# ASD connection for Line bundle over $4$-manifold

Let $$(M,g)$$ be an oriented closed Riemannian $$4$$ manifold. Let $$L\to M$$ be a complex line bundle.

Q Under what condition, we can find an ASD connection of $$L$$, i.e. a connection $$A$$ such that $$F^+_A=0$$.

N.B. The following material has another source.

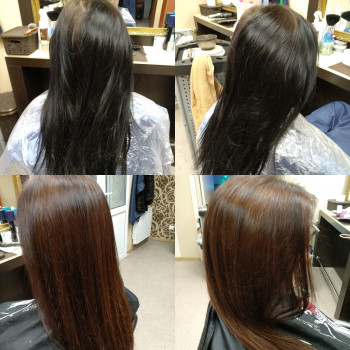 Шоколадний колір волосся коричневий мокко, фото - Салон краси Garmoniya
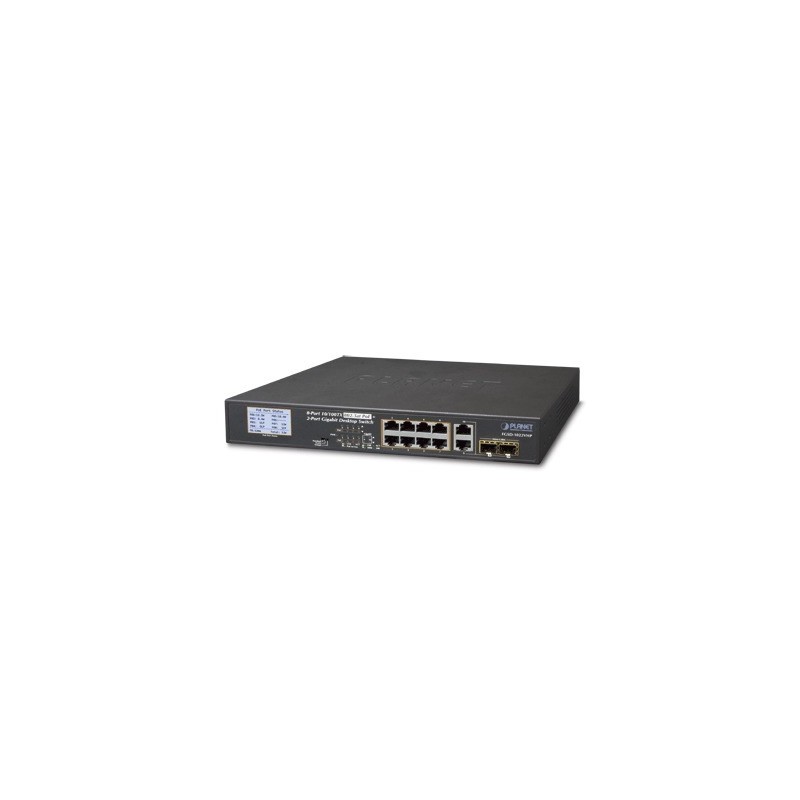 Switch PoE+ / distancia 250 metros / 8 puertos + 2 combo TP/SFP gigabit y pantalla LCD para monitoreo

PS: Any reference is welcome.

By Chern-Weil theory, $$c_1(L)=\frac{i}{2\pi}[F_A]$$ for any $$U(1)$$-connection $$A$$. For an ASD connection ($$\ast F_A=-F_A$$) we have $$c_1(L)^2=\frac{-1}{4\pi^2}\int_M F_A\wedge F_A=\frac{1}{4\pi^2}\int_M F_A\wedge \ast F_A\equiv-\frac{1}{4\pi^2}||F_A||^2\le0$$ So $$c_1(L)^2>0$$ is an obstruction. Exercise: Find such an $$L$$ on $$M=S^2\times S^2$$.
For an "iff" statement, read sections 1.1.6 and 4.3.3 of Donaldson-Kronheimer's book (The geometry of four-manifolds). Although they talk about ASD connections on $$SU(2)$$ bundles, you can consider reducible $$SU(2)$$ connections which correspond to what we care about on $$U(1)$$ bundles. What we observe is:
2) Main point: Given a metric $$g$$, we have projections $$\pi_\pm:H^2(M;\mathbb R)\to H^2_\pm(M;\mathbb R)$$ and the condition for $$L$$ to admit an ASD connection is that $$\pi_+(c_1(L))=0$$.
3) Remark: If $$b^2_+(M)>0$$ then for generic $$g$$ we have $$\pi_+$$ nonvanishing on the lattice $$H^2(M;\mathbb Z)$$ (which contains $$c_1(L)$$) minus the origin, because the codimension of $$H^2_-(M;\mathbb R)$$ is $$b^2_+(M)$$ and the dimension of the lattice is 0. So we won't have nontrivial line bundles with ASD connections for generic metrics.